Bubbles in Solvent Microextraction: The Influence of Intentionally Introduced Bubbles on Extraction Efficiency

• Published in: Analytical chemistry (Washington) Vol. 83; no. 17; pp. 6713 - 6716
• Main Authors: Williams, D. Bradley G, George, Mosotho J, Meyer, Riaan, Marjanovic, Ljiljana
• Format: Journal Article
• Language: English
• Published: Washington, DC American Chemical Society 01.09.2011
• Subjects: Air; Analytical chemistry; Bubbles; Chemistry; Exact sciences and technology; Fruit - chemistry; Gas Chromatography-Mass Spectrometry - methods; Pesticides; Pesticides - analysis; Pesticides - isolation & purification; Phase transitions; Solution chemistry; Solvent extraction processes; Solvents - chemistry; Triazines - analysis; Triazines - isolation & purification; Water; Use; Pesticides; Matrix effect; Air; Concentration; Method; Solvent extraction; Droplet; Fruit juice; Certified reference material; Herbicide; Thin film; Chemical enrichment; Solid phase microextraction; Improvement; Sample preparation; Efficiency; Detection limit; Technique; Surface area; Solvent
• ISSN: 0003-2700; 1520-6882
• DOI: 10.1021/ac201323z

Significant improvements to microdrop extractions of triazine pesticides are realized by the intentional incorporation of an air bubble into the solvent microdroplet used in this microextraction technique.
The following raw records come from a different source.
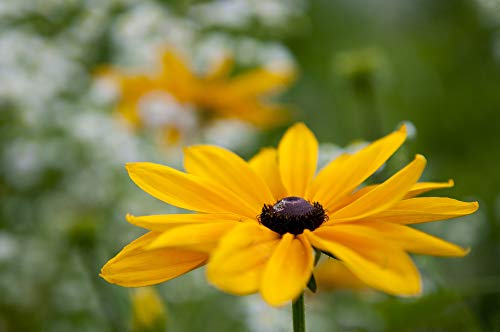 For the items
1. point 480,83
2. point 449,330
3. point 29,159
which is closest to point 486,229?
point 449,330

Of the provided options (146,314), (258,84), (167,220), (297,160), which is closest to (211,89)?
(258,84)

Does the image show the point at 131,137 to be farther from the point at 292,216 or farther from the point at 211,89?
the point at 292,216

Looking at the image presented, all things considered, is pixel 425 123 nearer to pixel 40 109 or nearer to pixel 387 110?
pixel 387 110

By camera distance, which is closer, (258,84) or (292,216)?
(292,216)

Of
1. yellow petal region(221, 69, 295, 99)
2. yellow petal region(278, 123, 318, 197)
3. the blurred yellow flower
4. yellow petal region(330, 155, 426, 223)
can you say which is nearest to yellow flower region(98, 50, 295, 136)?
yellow petal region(221, 69, 295, 99)

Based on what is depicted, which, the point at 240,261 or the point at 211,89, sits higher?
the point at 211,89

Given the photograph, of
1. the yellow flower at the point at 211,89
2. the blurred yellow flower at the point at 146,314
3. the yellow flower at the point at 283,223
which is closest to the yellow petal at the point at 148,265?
the yellow flower at the point at 283,223

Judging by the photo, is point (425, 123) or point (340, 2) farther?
point (340, 2) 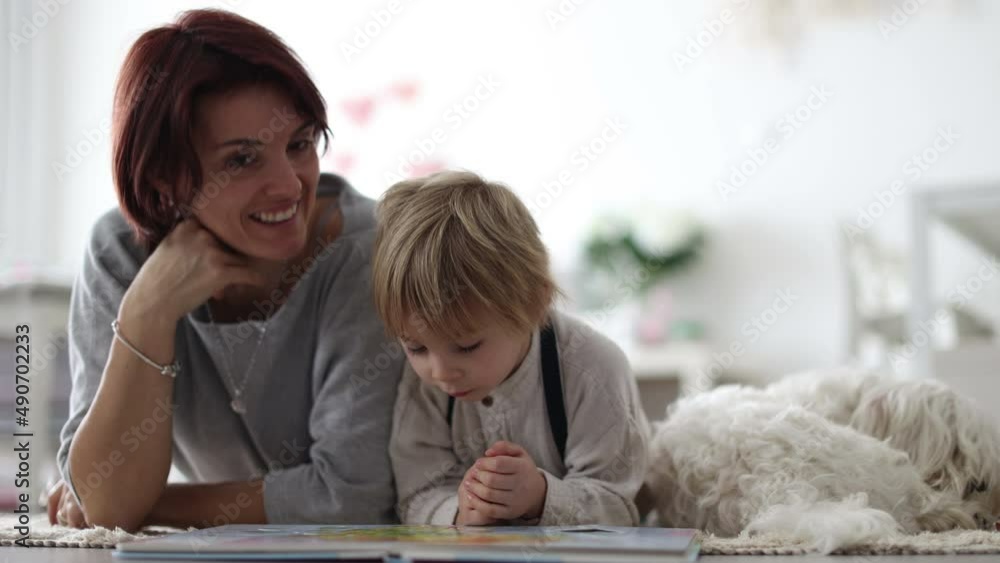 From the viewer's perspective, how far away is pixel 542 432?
1.14 m

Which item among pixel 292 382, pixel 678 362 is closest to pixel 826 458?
pixel 292 382

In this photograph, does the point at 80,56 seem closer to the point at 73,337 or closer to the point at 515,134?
the point at 515,134

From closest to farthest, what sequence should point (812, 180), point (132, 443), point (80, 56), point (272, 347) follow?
point (132, 443) < point (272, 347) < point (812, 180) < point (80, 56)

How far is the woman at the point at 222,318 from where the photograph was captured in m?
1.16

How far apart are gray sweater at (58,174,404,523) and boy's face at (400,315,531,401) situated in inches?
5.9

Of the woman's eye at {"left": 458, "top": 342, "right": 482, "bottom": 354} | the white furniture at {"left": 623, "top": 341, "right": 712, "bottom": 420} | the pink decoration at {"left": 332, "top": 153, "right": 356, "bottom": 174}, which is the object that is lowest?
the white furniture at {"left": 623, "top": 341, "right": 712, "bottom": 420}

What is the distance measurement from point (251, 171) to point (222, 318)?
231mm

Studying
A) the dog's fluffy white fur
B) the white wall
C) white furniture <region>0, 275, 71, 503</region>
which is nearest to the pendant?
the dog's fluffy white fur

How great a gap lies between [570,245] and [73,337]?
291 centimetres

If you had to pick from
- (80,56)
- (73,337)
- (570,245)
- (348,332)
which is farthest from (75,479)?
(80,56)

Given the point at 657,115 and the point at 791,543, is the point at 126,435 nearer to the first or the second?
the point at 791,543

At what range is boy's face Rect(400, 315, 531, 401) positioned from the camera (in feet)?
3.41

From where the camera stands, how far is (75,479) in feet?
3.84

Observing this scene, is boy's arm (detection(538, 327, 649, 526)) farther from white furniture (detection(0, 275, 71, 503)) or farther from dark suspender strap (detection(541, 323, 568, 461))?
white furniture (detection(0, 275, 71, 503)) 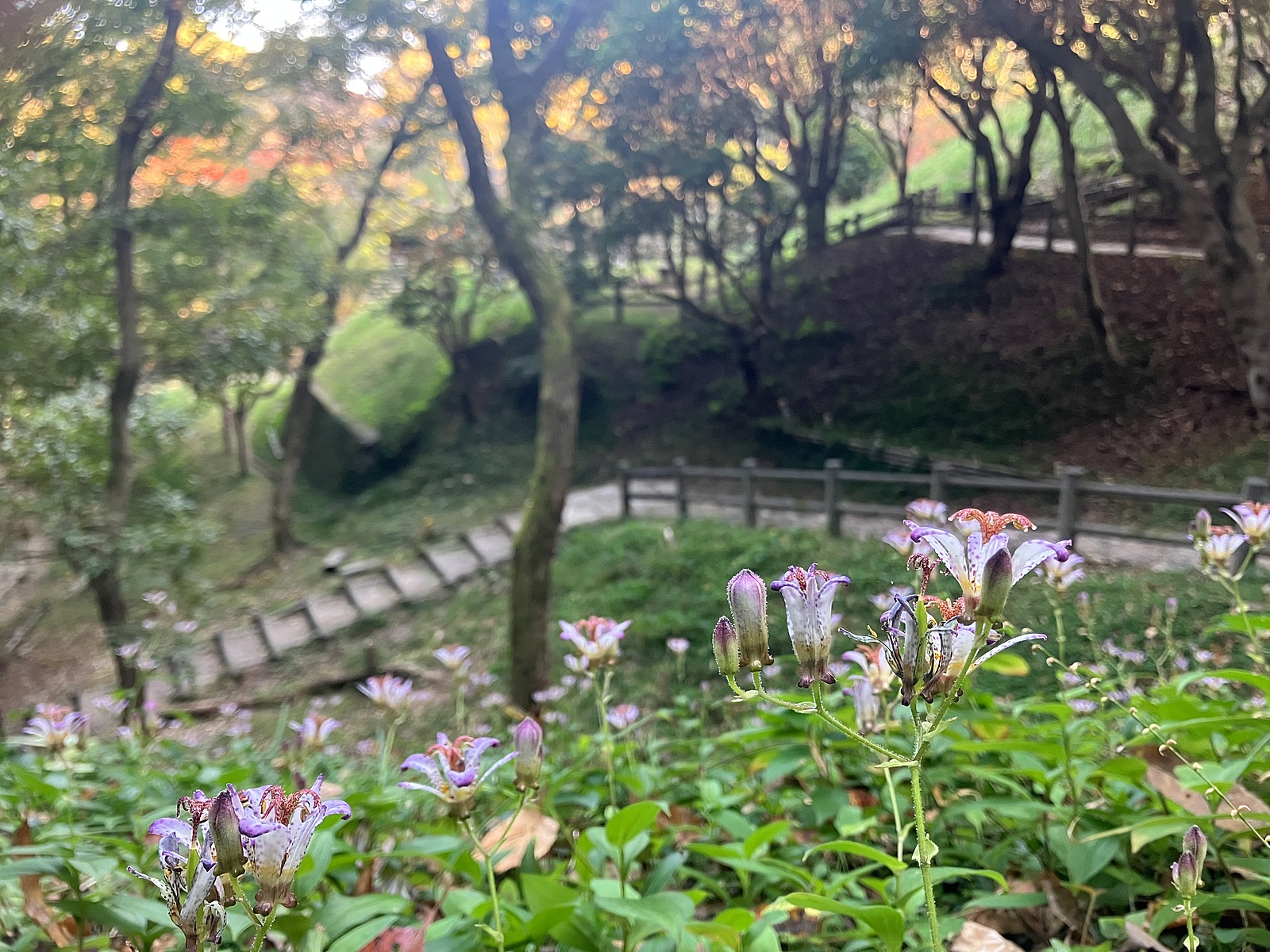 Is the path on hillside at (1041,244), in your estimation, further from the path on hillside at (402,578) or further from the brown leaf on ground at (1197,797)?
the brown leaf on ground at (1197,797)

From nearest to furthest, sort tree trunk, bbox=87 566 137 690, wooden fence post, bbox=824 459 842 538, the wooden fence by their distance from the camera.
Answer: the wooden fence < tree trunk, bbox=87 566 137 690 < wooden fence post, bbox=824 459 842 538

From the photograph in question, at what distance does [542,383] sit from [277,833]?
3.74 m

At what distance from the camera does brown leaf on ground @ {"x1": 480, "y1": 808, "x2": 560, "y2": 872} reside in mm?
1264

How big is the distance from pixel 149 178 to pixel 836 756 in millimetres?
6057

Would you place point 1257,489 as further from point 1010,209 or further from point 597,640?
point 1010,209

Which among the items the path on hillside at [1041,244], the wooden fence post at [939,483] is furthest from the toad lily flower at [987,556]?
the path on hillside at [1041,244]

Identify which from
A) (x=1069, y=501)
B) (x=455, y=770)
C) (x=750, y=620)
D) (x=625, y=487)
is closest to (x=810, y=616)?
(x=750, y=620)

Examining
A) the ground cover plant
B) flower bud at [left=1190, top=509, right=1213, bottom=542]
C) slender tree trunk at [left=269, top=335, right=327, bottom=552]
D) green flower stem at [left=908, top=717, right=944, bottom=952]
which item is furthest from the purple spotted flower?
slender tree trunk at [left=269, top=335, right=327, bottom=552]

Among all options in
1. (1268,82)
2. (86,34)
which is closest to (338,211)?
(86,34)

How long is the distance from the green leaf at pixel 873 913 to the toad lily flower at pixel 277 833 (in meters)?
0.53

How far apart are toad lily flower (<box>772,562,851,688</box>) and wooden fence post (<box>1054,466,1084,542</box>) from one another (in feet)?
15.0

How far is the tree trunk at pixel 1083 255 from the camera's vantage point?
6227 mm

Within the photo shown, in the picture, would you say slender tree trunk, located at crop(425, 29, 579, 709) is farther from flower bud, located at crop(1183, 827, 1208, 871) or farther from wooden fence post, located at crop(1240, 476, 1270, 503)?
wooden fence post, located at crop(1240, 476, 1270, 503)

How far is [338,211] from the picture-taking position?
30.8ft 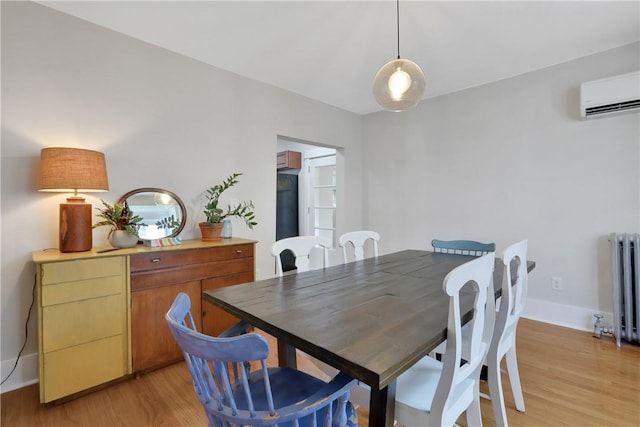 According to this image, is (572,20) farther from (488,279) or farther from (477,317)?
(477,317)

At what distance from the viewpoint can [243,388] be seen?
2.77ft

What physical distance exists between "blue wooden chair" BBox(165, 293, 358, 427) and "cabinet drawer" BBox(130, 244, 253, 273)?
3.93 ft

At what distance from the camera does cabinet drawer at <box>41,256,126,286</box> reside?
1.67 metres

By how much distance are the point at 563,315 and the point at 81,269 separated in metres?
3.97

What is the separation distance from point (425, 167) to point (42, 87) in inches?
146

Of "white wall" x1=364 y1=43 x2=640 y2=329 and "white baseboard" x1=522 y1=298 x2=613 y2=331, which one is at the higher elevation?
"white wall" x1=364 y1=43 x2=640 y2=329

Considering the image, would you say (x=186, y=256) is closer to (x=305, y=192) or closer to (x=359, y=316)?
(x=359, y=316)

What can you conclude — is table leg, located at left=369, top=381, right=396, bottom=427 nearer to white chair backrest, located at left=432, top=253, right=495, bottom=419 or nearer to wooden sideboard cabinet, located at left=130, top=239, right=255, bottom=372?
white chair backrest, located at left=432, top=253, right=495, bottom=419

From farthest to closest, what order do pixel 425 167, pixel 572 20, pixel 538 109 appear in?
pixel 425 167 → pixel 538 109 → pixel 572 20

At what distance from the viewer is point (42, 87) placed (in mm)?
2004

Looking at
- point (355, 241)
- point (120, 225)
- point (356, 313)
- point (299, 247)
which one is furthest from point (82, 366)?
point (355, 241)

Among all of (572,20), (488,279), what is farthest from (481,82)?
(488,279)

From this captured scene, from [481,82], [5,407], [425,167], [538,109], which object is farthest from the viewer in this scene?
[425,167]

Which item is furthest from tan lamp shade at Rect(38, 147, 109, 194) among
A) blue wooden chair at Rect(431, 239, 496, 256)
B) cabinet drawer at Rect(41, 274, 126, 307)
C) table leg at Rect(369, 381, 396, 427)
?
blue wooden chair at Rect(431, 239, 496, 256) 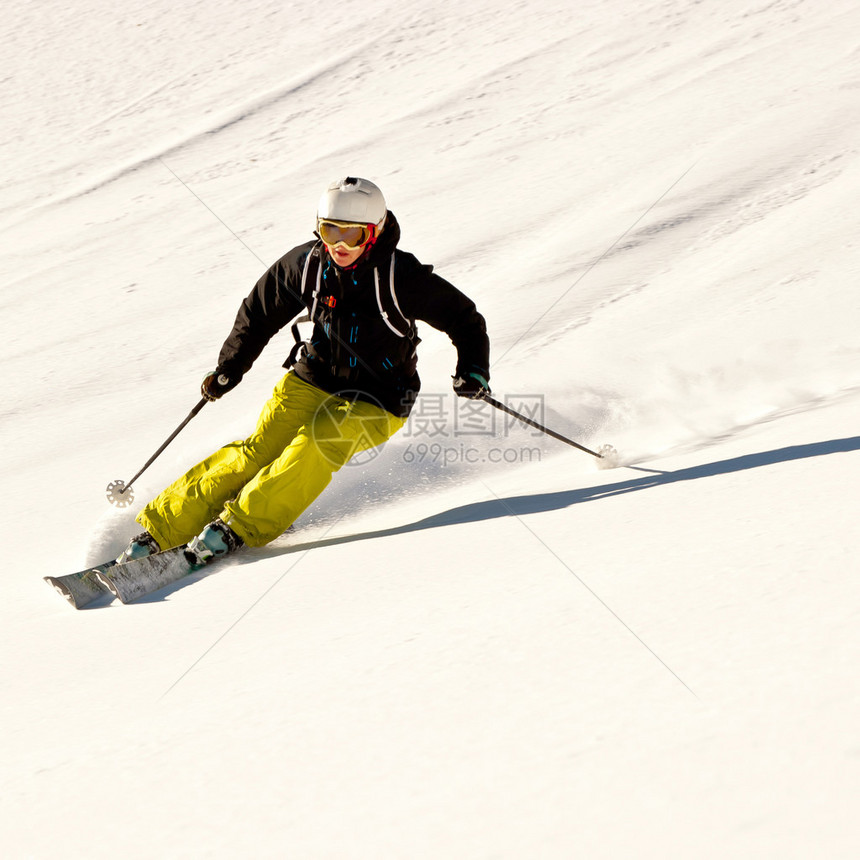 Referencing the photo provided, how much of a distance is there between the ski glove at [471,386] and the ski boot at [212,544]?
1.04 m

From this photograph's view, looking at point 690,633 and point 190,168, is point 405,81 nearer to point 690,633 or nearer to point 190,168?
point 190,168

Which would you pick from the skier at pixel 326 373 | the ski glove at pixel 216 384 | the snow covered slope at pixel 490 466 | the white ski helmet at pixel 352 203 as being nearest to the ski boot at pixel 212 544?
the skier at pixel 326 373

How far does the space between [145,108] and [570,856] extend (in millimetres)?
12751

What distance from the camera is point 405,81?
37.4 feet

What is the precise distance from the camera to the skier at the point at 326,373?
3.45 meters

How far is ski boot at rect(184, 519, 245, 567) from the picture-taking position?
3398mm

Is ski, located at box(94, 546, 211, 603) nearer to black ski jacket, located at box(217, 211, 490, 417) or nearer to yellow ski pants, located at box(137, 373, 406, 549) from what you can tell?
yellow ski pants, located at box(137, 373, 406, 549)

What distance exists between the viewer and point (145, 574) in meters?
3.23

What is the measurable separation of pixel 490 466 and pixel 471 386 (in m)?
0.75

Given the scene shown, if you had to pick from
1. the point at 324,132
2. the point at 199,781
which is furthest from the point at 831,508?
the point at 324,132

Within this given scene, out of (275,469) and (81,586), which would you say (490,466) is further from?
(81,586)

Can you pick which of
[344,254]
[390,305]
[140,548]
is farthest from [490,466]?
[140,548]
The increase is attributed partly to greater droplet surface area resulting from the air bubble being incorporated into the solvent droplet as opposed to it sitting thereon and partly to thin film phenomena. The method is useful at nanogram/liter levels (LOD 0.002–0.012 μg/L, LOQ 0.007–0.039 μg/L), is precise (7–12% at 10 μg/L concentration level), and is validated against certified reference materials containing 0.5 and 5.0 μg/L analyte. It tolerates water and fruit juice as matrixes without serious matrix effects. This new development brings a simple, inexpensive, and efficient preconcentration technique to bear which rivals solid phase microextraction methods.